- Opening Delimiter -

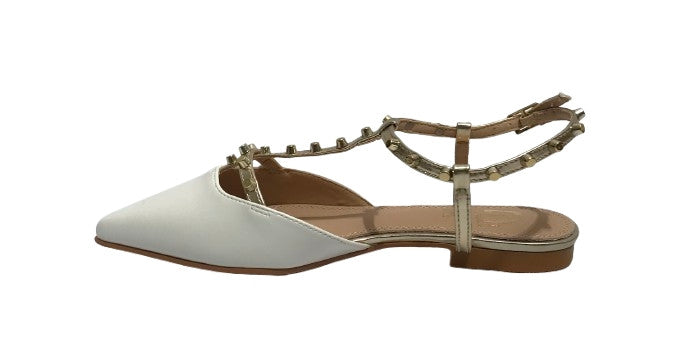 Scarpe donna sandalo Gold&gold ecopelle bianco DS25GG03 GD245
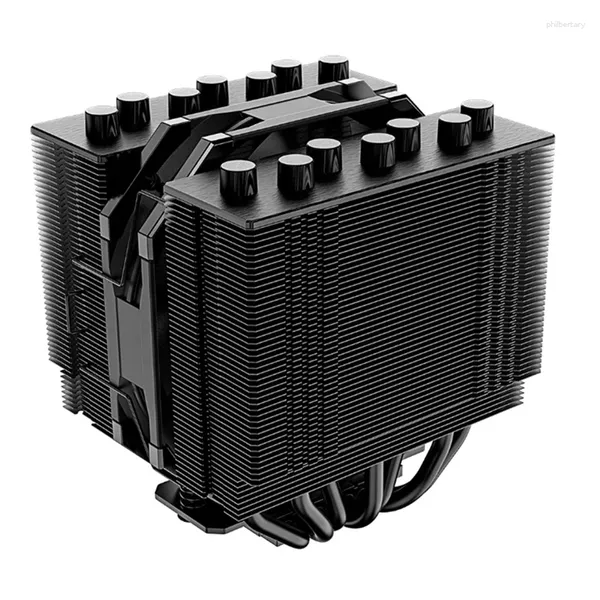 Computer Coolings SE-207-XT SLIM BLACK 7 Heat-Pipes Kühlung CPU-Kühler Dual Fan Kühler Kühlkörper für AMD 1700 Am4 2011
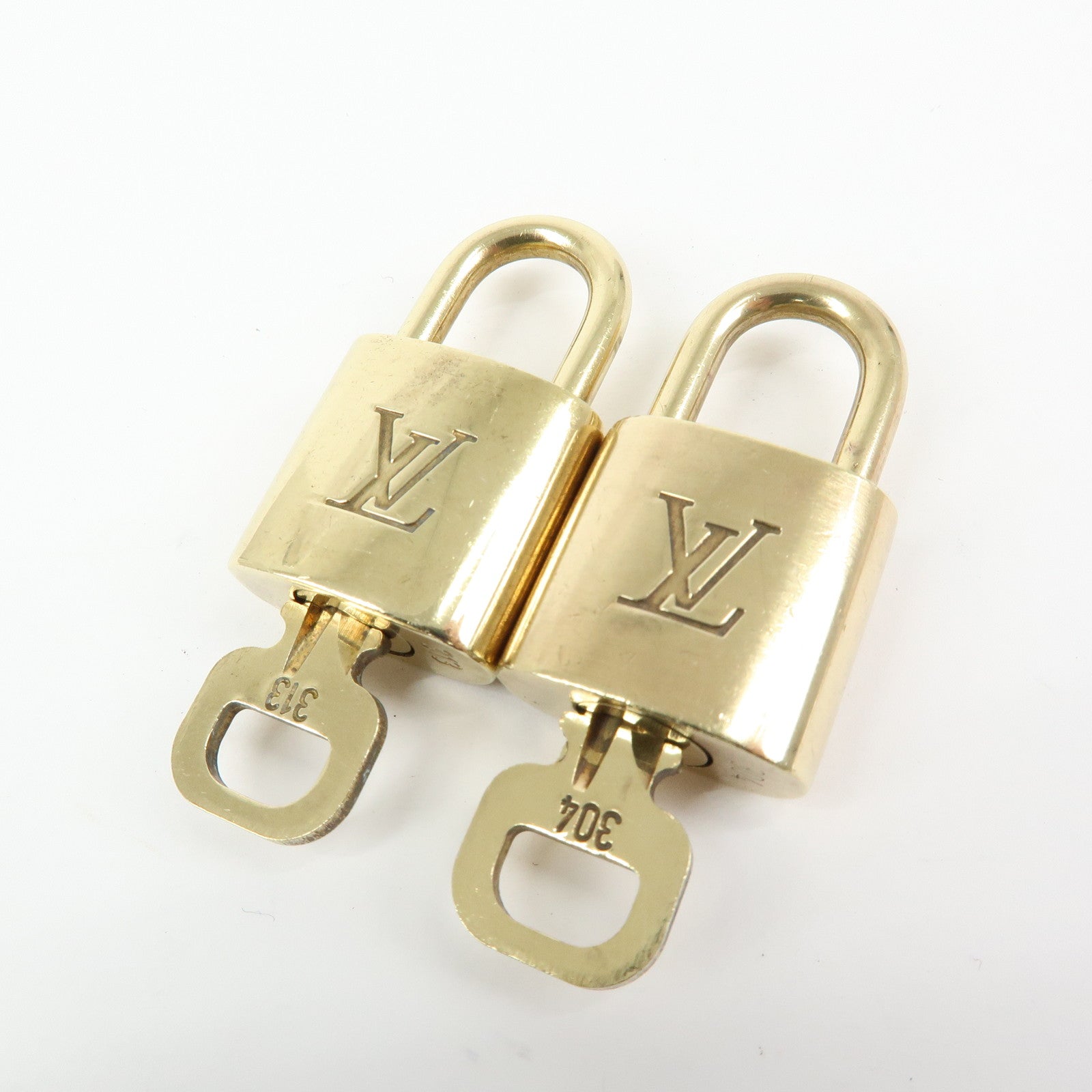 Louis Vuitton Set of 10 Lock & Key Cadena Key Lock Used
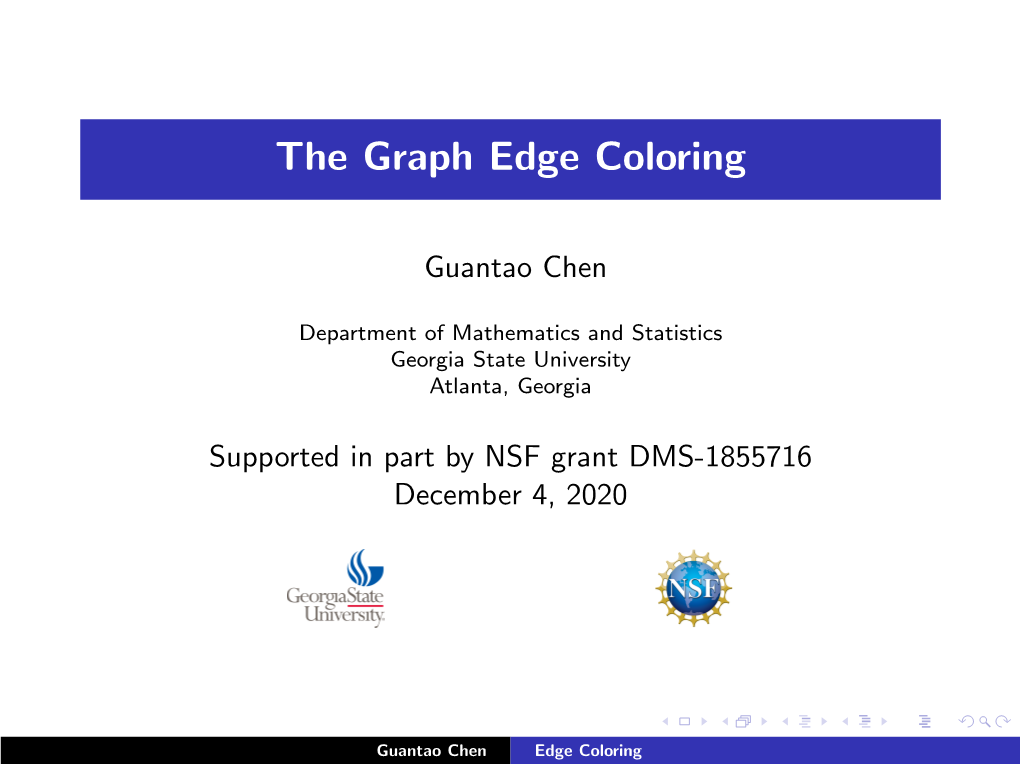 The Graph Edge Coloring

- Closing Delimiter -
- Opening Delimiter -

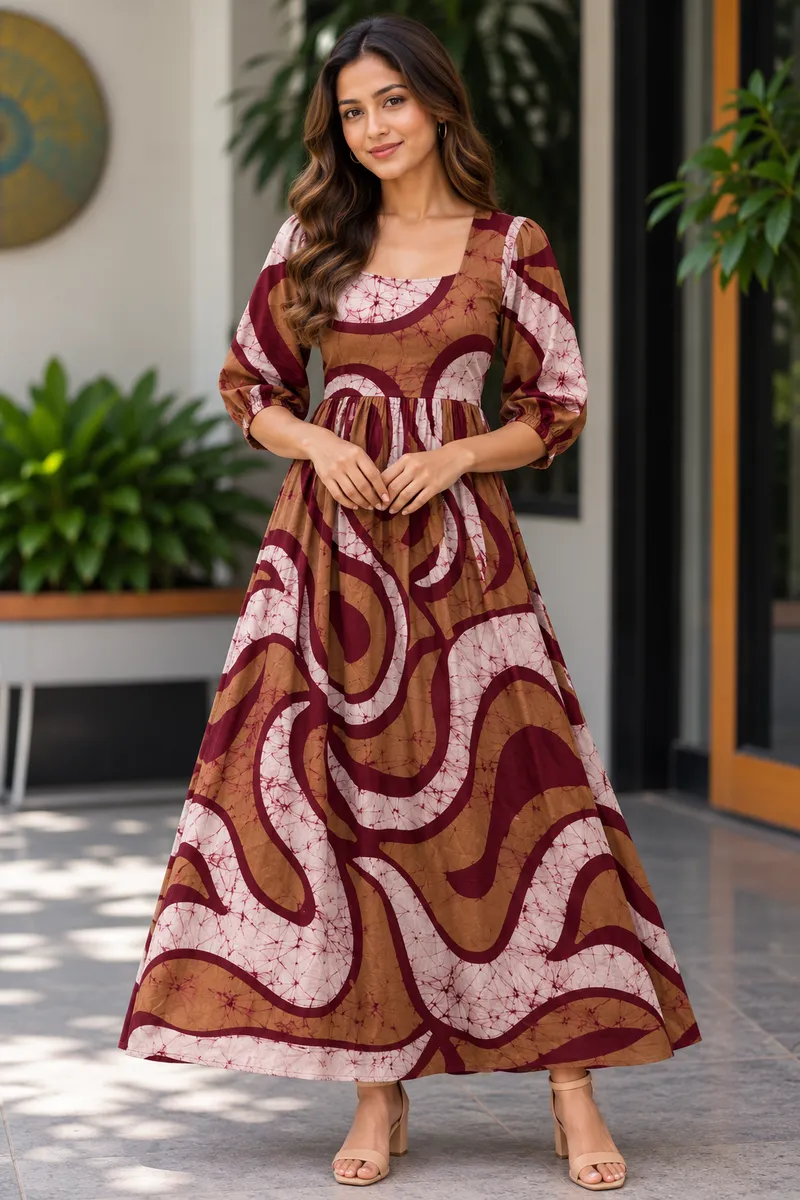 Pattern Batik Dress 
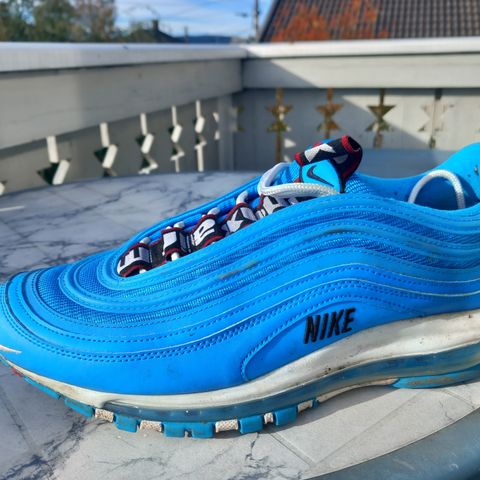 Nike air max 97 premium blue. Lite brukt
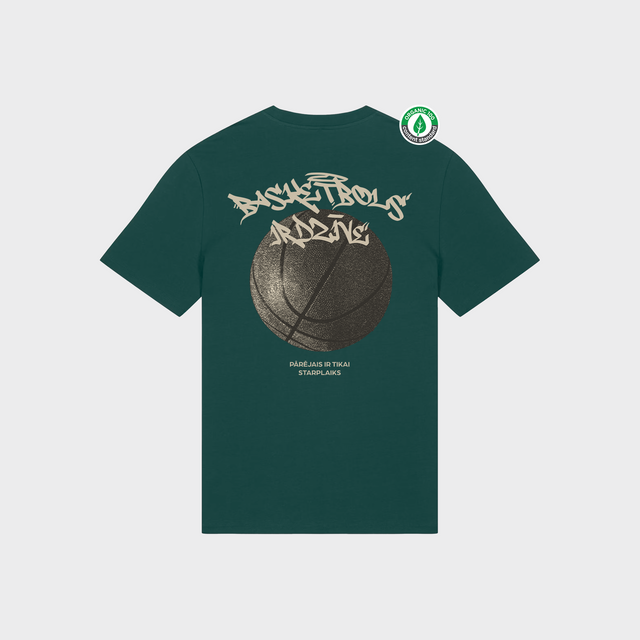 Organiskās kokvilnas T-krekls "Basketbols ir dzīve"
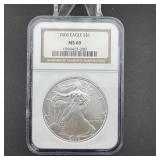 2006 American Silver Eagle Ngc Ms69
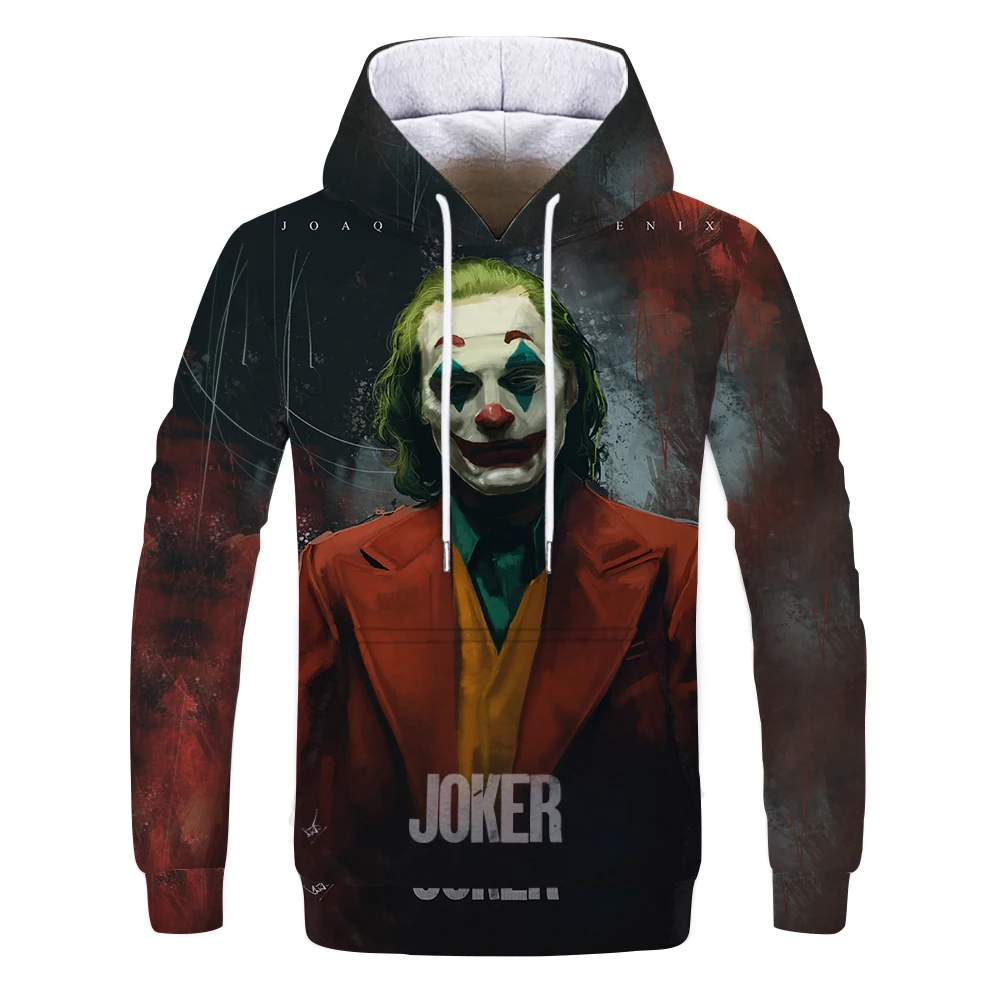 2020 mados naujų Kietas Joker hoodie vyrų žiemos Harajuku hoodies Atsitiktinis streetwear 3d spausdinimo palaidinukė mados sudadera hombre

- Closing Delimiter -

## TASK GOAL
Using the records above, return word for word the lines that begin at the one containing "Scarpe donna sandalo" and end at the one containing "The Graph Edge Coloring", both of them included and no pictures.

## RESPONSE TO THIS EXERCISE
 Scarpe donna sandalo Gold&gold ecopelle bianco DS25GG03 GD245
 Computer Coolings SE-207-XT SLIM BLACK 7 Heat-Pipes Kühlung CPU-Kühler Dual Fan Kühler Kühlkörper für AMD 1700 Am4 2011
 Louis Vuitton Set of 10 Lock & Key Cadena Key Lock Used
 The Graph Edge Coloring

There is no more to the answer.